== Provided material ==
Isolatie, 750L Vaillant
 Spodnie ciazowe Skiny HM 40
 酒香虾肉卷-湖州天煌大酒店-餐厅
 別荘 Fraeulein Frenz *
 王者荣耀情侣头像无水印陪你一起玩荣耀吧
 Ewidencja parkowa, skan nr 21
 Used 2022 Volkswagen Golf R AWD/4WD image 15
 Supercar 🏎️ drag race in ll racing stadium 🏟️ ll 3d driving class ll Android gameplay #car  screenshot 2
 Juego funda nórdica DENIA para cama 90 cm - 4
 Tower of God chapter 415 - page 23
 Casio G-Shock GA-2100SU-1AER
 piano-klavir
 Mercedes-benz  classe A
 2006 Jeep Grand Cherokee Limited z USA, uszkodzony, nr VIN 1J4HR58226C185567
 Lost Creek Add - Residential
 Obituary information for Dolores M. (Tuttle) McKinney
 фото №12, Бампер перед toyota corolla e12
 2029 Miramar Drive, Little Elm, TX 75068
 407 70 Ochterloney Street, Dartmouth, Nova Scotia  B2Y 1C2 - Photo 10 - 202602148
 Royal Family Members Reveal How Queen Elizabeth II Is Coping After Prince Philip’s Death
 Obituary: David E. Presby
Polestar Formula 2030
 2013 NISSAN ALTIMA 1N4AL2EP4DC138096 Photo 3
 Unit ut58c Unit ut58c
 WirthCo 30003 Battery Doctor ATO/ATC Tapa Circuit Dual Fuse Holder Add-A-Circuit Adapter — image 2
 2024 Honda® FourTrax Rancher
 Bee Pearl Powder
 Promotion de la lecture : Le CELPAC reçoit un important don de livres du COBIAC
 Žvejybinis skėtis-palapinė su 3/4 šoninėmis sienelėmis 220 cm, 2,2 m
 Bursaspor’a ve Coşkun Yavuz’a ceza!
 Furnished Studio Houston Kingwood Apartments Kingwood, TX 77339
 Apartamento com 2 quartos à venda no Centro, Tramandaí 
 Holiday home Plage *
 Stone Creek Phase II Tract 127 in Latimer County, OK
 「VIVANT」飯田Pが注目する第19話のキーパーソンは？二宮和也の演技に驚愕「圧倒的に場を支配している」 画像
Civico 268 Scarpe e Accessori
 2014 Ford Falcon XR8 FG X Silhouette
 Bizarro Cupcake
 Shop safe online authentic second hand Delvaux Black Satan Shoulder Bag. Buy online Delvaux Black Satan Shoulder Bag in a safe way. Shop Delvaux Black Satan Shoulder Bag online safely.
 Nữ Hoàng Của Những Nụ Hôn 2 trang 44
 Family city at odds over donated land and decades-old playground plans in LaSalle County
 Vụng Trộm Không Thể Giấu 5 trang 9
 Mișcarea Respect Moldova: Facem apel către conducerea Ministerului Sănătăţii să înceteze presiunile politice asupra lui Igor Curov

== What the exercise asks ==
Please return the span of lines above that opens with the one containing "Stone Creek Phase" and closes with the final line, both included, exactly as written and nothing more.

== Answer section ==
 Stone Creek Phase II Tract 127 in Latimer County, OK
 「VIVANT」飯田Pが注目する第19話のキーパーソンは？二宮和也の演技に驚愕「圧倒的に場を支配している」 画像
Civico 268 Scarpe e Accessori
 2014 Ford Falcon XR8 FG X Silhouette
 Bizarro Cupcake
 Shop safe online authentic second hand Delvaux Black Satan Shoulder Bag. Buy online Delvaux Black Satan Shoulder Bag in a safe way. Shop Delvaux Black Satan Shoulder Bag online safely.
 Nữ Hoàng Của Những Nụ Hôn 2 trang 44
 Family city at odds over donated land and decades-old playground plans in LaSalle County
 Vụng Trộm Không Thể Giấu 5 trang 9
 Mișcarea Respect Moldova: Facem apel către conducerea Ministerului Sănătăţii să înceteze presiunile politice asupra lui Igor Curov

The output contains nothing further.